The refractive index is a crucial concept in optics. It measures how much a medium can bend or "refract" light. When light moves from one medium to another, its speed and wavelength change, but its frequency remains constant. The refractive index, represented by the symbol \( n \), is defined as the ratio of the speed of light in a vacuum \( c \) to the speed of light in the medium \( v \). This can be expressed as:

• \( n = \frac{c}{v} \)
• Where \( c = 3 \times 10^8 \text{ m/s} \)

A higher refractive index means the light slows down more in the medium, causing the light to bend more.
In our exercise, the given refractive index is 1.5, which implies that light travels 1.5 times faster in a vacuum than it does in this medium.

When light travels from one medium to another, its speed and wavelength are altered, but not its frequency. In any medium other than a vacuum, light slows down, shortening its wavelength. This is determined by the refractive index \( n \), using the following relationship:

• \( \lambda_{\text{medium}} = \frac{\lambda_0}{n} \)
• \( \lambda_0 \) is the initial wavelength in a vacuum or air

In our case, the initial wavelength \( \lambda_0 \) is \( 6000 \text{ \AA} \). Inside the medium with \( n = 1.5 \), the wavelength becomes \( 4000 \text{ \AA} \), calculated as \( \lambda_{\text{medium}} = \frac{6000}{1.5} \).
This reduction in wavelength happens because the speed of light has slowed within the medium. Despite this change in wavelength, the frequency of the light remains unchanged.

Frequency is a fundamental property of light that doesn't change even when the light enters a different medium. The frequency of light is related to its speed and wavelength by the formula \( f = \frac{c}{\lambda_0} \).

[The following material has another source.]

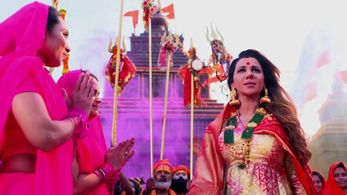 Ritu Shivpuri in Iss Pyaar Ko Kya Naam Doon 3 (2017)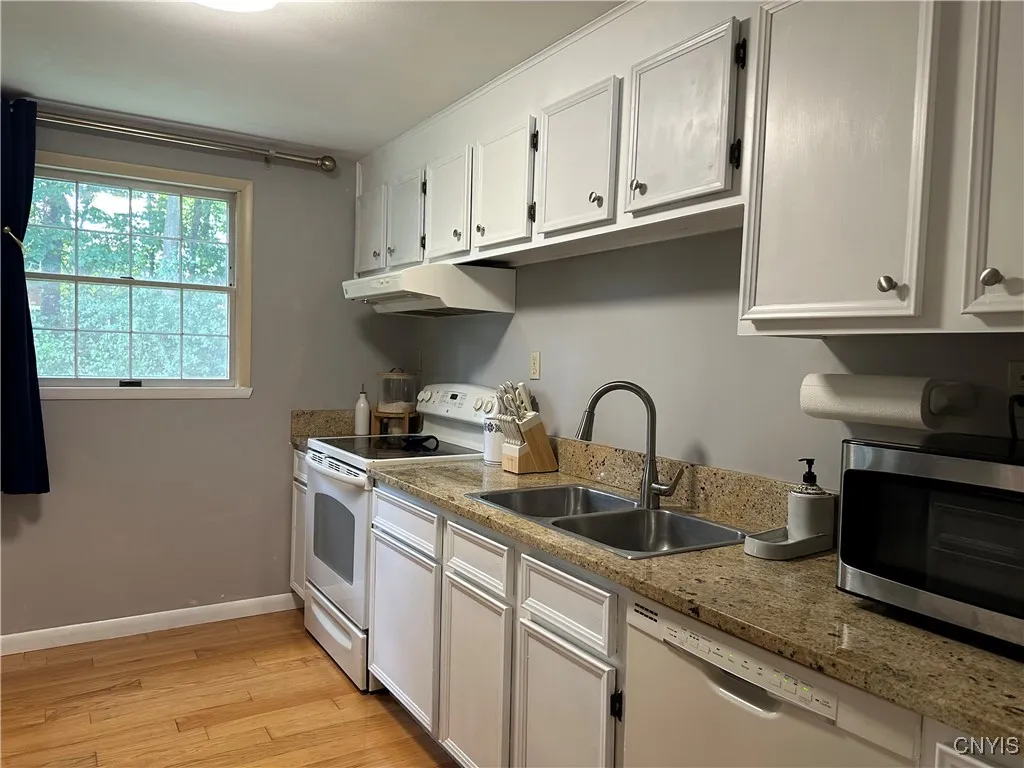 4166 Balboa Drive, Clay, New York 13090, Clay, New York 13090, 3 Bedrooms Bedrooms, 10 Rooms Rooms,1 BathroomBathrooms,Residential,Closed,4166 Balboa Drive, Clay, New York 13090,0,S1630751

Since the speed of light \( c \) and the original wavelength \( \lambda_0 \) remain constant in vacuum or air, the frequency \( f \) calculated is also constant.

• In our example, the frequency \( f \) is \( 5 \times 10^{14} \text{ Hz} \).
• This is because the calculation \( f = \frac{3 \times 10^8}{6000 \times 10^{-10}} \) results in the same frequency regardless of the medium.

This property is essential in many applications of optics, as it means that frequency-based characteristics, like color in visible light, won't alter when entering different media. This constancy of frequency is vital in technologies like fiber optics, where light is transmitted through various materials.